[Stored items from a collection]
● ● ● ● ●

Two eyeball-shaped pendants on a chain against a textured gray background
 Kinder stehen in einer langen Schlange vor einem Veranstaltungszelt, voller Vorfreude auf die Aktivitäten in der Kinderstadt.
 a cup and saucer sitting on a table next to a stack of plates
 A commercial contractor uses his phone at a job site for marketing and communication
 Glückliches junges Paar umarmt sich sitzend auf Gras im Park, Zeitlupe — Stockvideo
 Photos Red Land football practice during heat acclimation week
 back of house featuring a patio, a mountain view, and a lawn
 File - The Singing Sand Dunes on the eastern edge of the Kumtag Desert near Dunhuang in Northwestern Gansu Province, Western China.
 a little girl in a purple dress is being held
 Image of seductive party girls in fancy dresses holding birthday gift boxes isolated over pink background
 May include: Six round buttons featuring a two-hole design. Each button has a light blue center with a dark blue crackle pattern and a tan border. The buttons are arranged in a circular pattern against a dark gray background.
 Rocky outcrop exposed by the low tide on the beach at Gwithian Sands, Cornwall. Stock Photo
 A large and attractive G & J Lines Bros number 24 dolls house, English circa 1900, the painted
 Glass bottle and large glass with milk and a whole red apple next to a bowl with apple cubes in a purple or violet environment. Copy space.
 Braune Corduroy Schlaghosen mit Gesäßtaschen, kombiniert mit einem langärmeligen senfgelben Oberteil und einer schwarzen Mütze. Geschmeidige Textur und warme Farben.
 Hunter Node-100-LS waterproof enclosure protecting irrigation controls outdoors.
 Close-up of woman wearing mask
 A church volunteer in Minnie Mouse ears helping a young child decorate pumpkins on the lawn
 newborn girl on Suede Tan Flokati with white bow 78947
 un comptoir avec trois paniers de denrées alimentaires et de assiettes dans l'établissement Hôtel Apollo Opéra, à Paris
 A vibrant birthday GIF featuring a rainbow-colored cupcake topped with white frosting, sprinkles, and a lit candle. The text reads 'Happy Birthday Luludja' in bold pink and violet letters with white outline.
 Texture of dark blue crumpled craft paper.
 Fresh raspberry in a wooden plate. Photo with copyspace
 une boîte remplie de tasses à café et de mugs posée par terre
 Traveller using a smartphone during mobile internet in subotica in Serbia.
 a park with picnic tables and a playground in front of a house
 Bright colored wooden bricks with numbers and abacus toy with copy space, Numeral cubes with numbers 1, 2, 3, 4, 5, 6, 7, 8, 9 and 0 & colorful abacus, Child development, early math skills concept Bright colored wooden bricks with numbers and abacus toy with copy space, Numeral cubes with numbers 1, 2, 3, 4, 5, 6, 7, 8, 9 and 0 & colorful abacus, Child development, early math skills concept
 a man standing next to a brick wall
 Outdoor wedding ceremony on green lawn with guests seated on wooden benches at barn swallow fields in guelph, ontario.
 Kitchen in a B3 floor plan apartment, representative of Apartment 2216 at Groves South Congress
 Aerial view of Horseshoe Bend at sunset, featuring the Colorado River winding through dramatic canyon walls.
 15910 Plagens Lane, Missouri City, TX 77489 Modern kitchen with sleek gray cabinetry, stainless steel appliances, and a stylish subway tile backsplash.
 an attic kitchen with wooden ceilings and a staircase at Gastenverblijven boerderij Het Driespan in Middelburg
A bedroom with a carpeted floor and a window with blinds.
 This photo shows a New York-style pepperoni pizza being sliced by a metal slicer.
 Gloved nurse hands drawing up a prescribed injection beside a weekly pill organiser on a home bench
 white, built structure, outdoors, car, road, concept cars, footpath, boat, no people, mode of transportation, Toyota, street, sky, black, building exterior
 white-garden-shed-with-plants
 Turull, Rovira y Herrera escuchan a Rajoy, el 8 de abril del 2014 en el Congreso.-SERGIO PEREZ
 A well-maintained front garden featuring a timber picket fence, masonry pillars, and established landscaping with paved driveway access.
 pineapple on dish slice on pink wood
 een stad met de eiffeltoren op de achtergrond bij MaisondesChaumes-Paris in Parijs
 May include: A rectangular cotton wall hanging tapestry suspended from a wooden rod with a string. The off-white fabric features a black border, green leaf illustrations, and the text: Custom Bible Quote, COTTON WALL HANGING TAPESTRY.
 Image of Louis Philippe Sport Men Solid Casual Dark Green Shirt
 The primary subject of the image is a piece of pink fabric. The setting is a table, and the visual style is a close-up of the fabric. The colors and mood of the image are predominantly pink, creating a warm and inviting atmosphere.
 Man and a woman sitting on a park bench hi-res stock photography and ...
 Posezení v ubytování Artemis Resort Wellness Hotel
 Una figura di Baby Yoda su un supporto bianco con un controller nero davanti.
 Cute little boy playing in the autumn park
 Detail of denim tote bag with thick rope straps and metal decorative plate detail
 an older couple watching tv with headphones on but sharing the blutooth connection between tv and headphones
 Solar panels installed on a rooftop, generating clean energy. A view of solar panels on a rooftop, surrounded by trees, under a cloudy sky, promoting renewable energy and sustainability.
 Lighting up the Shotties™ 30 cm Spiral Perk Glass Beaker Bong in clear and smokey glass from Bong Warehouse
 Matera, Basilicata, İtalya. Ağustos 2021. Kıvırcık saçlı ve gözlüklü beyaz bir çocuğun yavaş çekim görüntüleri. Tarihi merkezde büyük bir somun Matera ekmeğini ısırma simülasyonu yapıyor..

● ● ● ● ●

* _Brief_: Look above for the line holding "A bedroom with", then set down exactly that line and every line after it up to and including the line holding "Lighting up the", with nothing else.

* _Solution for this problem_:
A bedroom with a carpeted floor and a window with blinds.
 This photo shows a New York-style pepperoni pizza being sliced by a metal slicer.
 Gloved nurse hands drawing up a prescribed injection beside a weekly pill organiser on a home bench
 white, built structure, outdoors, car, road, concept cars, footpath, boat, no people, mode of transportation, Toyota, street, sky, black, building exterior
 white-garden-shed-with-plants
 Turull, Rovira y Herrera escuchan a Rajoy, el 8 de abril del 2014 en el Congreso.-SERGIO PEREZ
 A well-maintained front garden featuring a timber picket fence, masonry pillars, and established landscaping with paved driveway access.
 pineapple on dish slice on pink wood
 een stad met de eiffeltoren op de achtergrond bij MaisondesChaumes-Paris in Parijs
 May include: A rectangular cotton wall hanging tapestry suspended from a wooden rod with a string. The off-white fabric features a black border, green leaf illustrations, and the text: Custom Bible Quote, COTTON WALL HANGING TAPESTRY.
 Image of Louis Philippe Sport Men Solid Casual Dark Green Shirt
 The primary subject of the image is a piece of pink fabric. The setting is a table, and the visual style is a close-up of the fabric. The colors and mood of the image are predominantly pink, creating a warm and inviting atmosphere.
 Man and a woman sitting on a park bench hi-res stock photography and ...
 Posezení v ubytování Artemis Resort Wellness Hotel
 Una figura di Baby Yoda su un supporto bianco con un controller nero davanti.
 Cute little boy playing in the autumn park
 Detail of denim tote bag with thick rope straps and metal decorative plate detail
 an older couple watching tv with headphones on but sharing the blutooth connection between tv and headphones
 Solar panels installed on a rooftop, generating clean energy. A view of solar panels on a rooftop, surrounded by trees, under a cloudy sky, promoting renewable energy and sustainability.
 Lighting up the Shotties™ 30 cm Spiral Perk Glass Beaker Bong in clear and smokey glass from Bong Warehouse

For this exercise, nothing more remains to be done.